# Explanation on thursday



## sk3litor (Oct 3, 2011)

Expect some outages but usually its not for too long. If ya flash a rom and don't get service don't freak out and start flashing radios like its going out of style.lol 
sent from Michael jacksons' doctors' cell mate


----------



## Dark Jedi (Nov 3, 2011)

Nationwide 4g? Lol

Sent from my ADR6400L using Tapatalk


----------



## Vince556 (Jan 15, 2012)

Is there a map that shows when and where the expansion will take place?

Sent from my ADR6400L using Tapatalk


----------



## Dark Jedi (Nov 3, 2011)

Think its on Verizon site under their coverage area map

Sent from my ADR6400L using Tapatalk


----------



## sk3litor (Oct 3, 2011)

Wow just realized the title should say expansion not explination. Ha ha oops.
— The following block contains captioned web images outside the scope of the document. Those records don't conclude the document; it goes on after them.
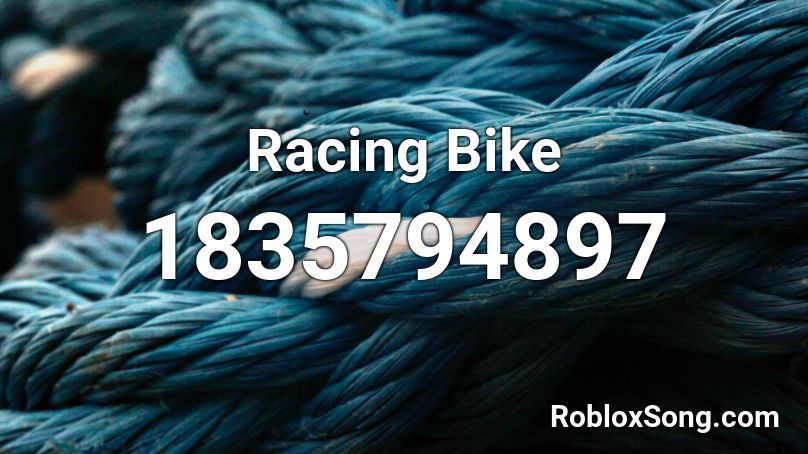 Racing Bike Roblox ID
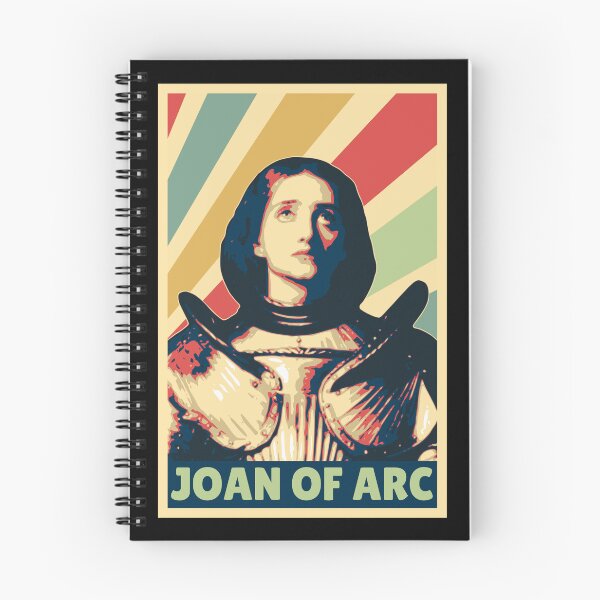 Item preview, Joan of Arc Pop Art Portrait | French Heroine designed and sold by marke770.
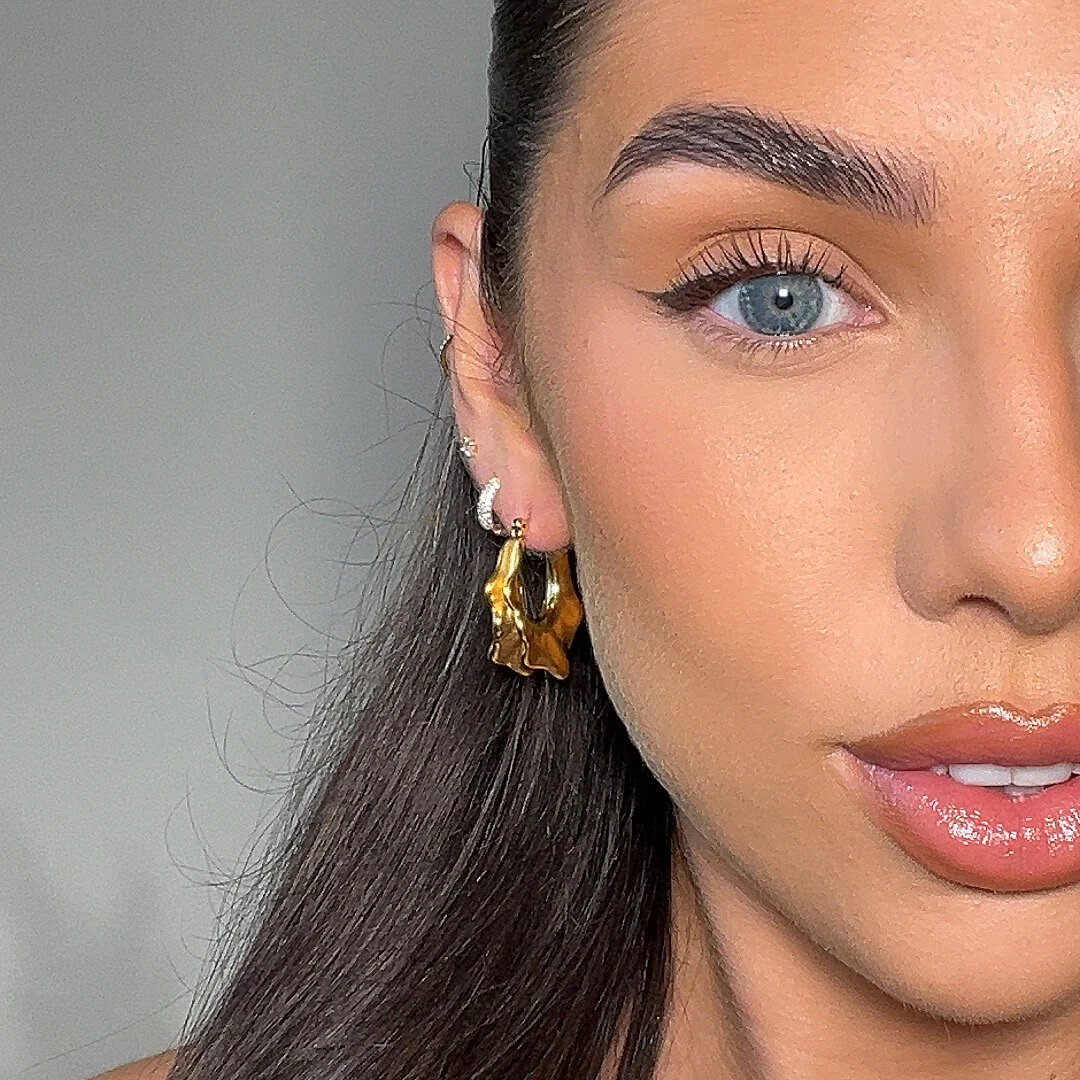 Ruba Wave Earrings - Image 2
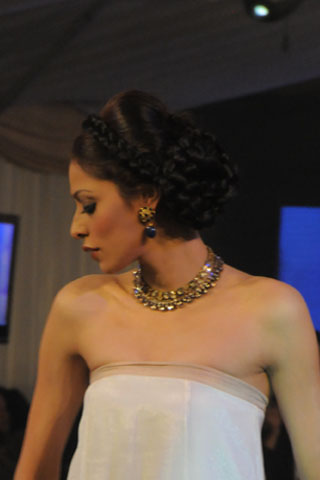 Mehr Collection by Reama Malik at PFDC Bridal Week 2011 - Day 2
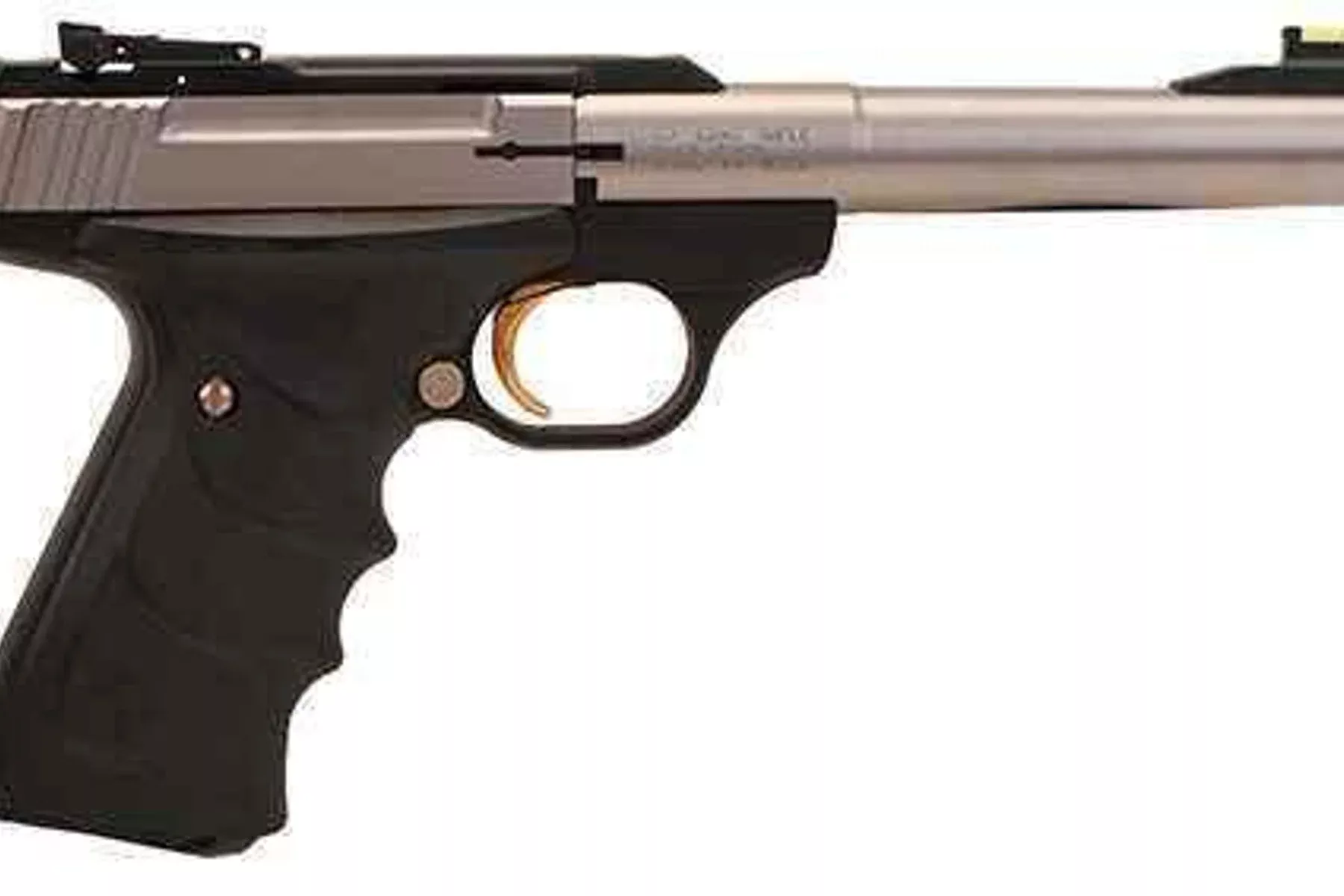 Browning Buck Mark Camper URX 22 Long Rifle 5.5" Barrel 10 Round Capacity Stainless Steel Semi Automatic Pistol 051442490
Stupid word correction.

sent from Michael jacksons' doctors' cell mate


----------



## recDNA (Oct 25, 2011)

No outage so far


----------



## Dark Jedi (Nov 3, 2011)

I had mine ficker around more than usual.

Sent from my ADR6400L using Tapatalk


----------



## Ibrick (Jun 30, 2011)

Mine was just out for about an hour, seems back up in Milwaukee area.

Sent from my cellular telephone using magic


----------